Author Information: Development of the Aurora B and Plk phosphorylation sensors and FRET imaging and analysis were done in the Kapoor lab by MA Lampson, together with EA Foley. BG Fuller performed immunofluorescence experiments. SR Nitcher and P Tobelman performed the kinase assays and P-Lisa experiments, respectively. KV Le performed live imaging of Aurora B-GFP. BG Fuller and MA Lampson wrote the paper.
*Correspondence to: PTS (e-mail pts7h/at/virginia.edu) or MAL (e-mail lampson/at/sas.upenn.edu)
Proper partitioning of the contents of a cell between two daughters requires integration of spatial and temporal cues. The anaphase array of microtubules that self-organize at the spindle midzone contributes to positioning the cell division plane midway between the segregating chromosomes1. How this signaling occurs over micron length-scales, from the midzone to the cell cortex, is not known.
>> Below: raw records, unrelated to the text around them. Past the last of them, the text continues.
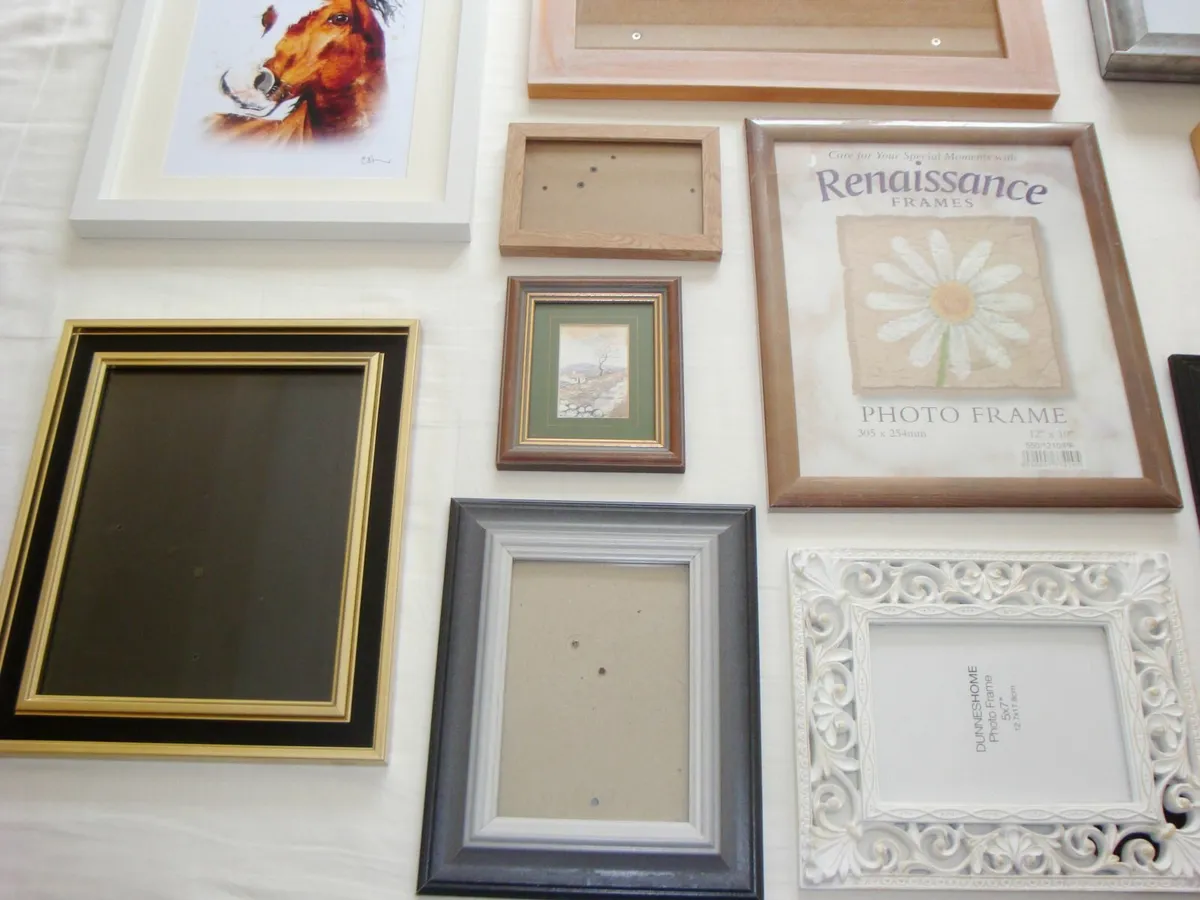 Bundle of picture frames and art - Image 4
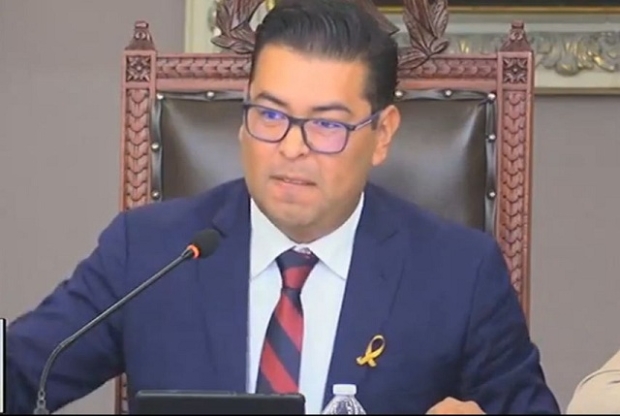 Congreso de Puebla recibe de Miguel Barbosa paquete de reformas al Poder Judicial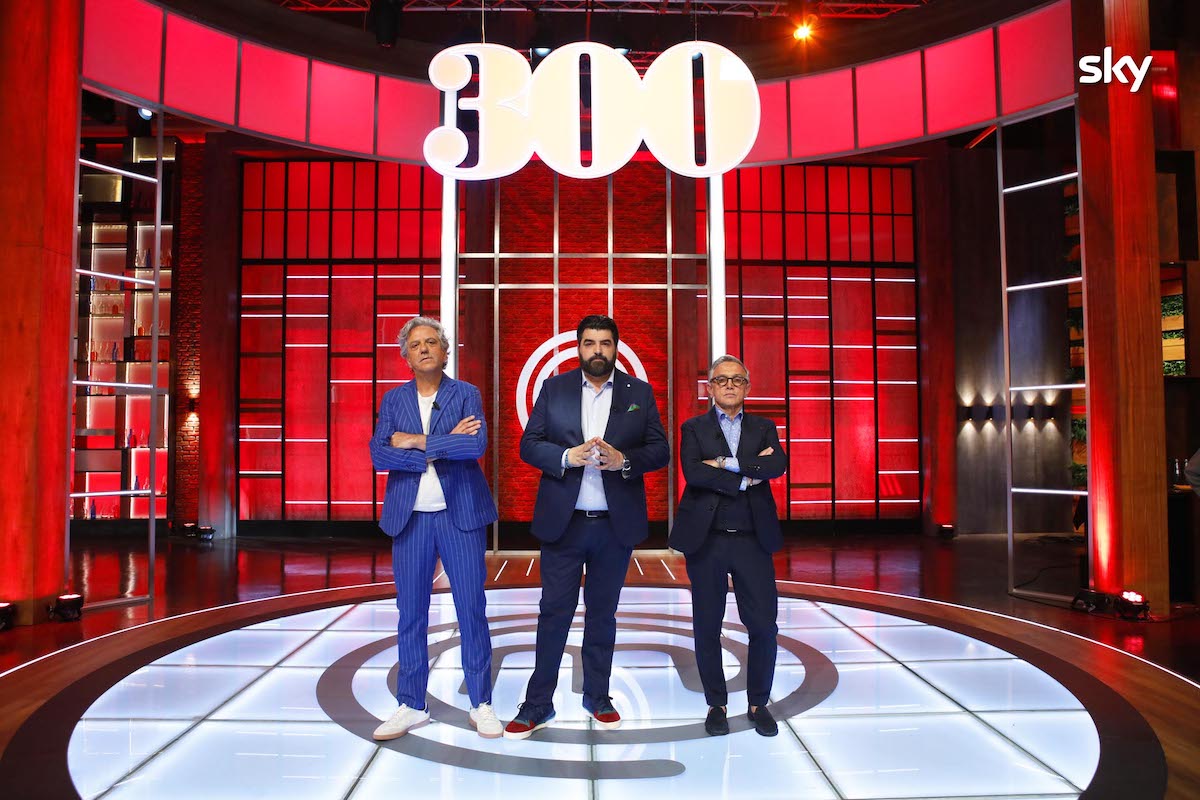 I tre giudici sotto l'insegna celebrativa del compleanno di Masterchef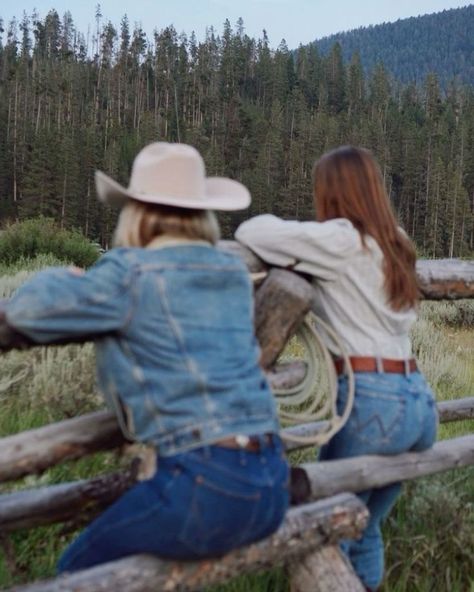 Cowgirl Best Friends, Isabellacore Aesthetic, Yellowstone Aesthetic, Yellowstone Ranch, Foto Cowgirl, Western Photoshoot, Cowboy Romance, Western Life, Cowgirl Aesthetic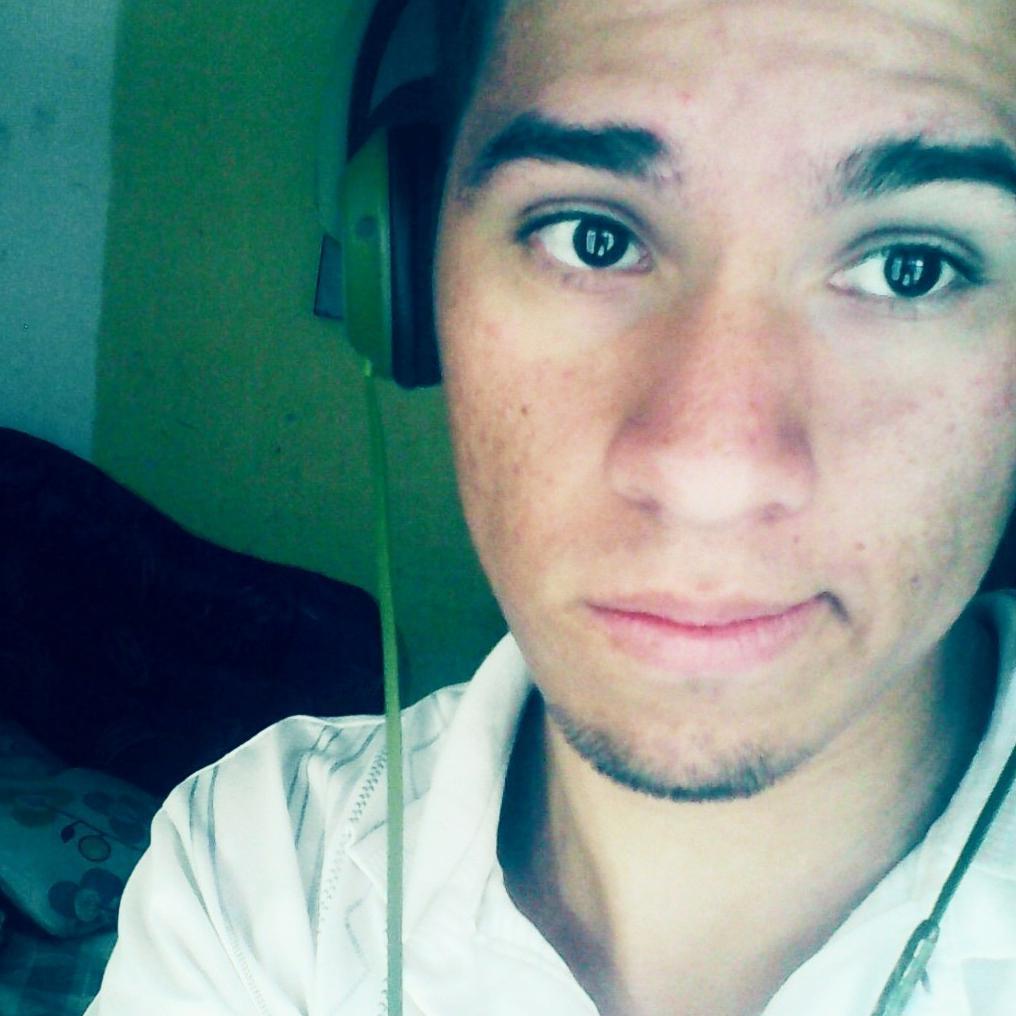 Amante de la Vida, de los Poemas y de la Música... (Una Casa sin Música es como un Cuerpo sin Alma... es Pensamiento Mío...)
Here we examine the anaphase dynamics of protein phosphorylation by Aurora B kinase, a key mitotic regulator, using FRET-based sensors in living cells and immunofluorescence of native Aurora B substrates. Quantitative analysis of phosphorylation dynamics, using chromosome and centromere targeted sensors, reveals that changes are due primarily to position along the division axis rather than time. These dynamics result in the formation of a spatial phosphorylation gradient early in anaphase that is centered at the spindle midzone. This gradient depends on Aurora B targeting to a subpopulation of microtubules that activate it. Aurora kinase activity organizes the targeted microtubules to generate a structure based feedback loop. We propose that feedback between Aurora B kinase activation and midzone microtubules generates a gradient of posttranslational marks that provides spatial information for events in anaphase and cytokinesis.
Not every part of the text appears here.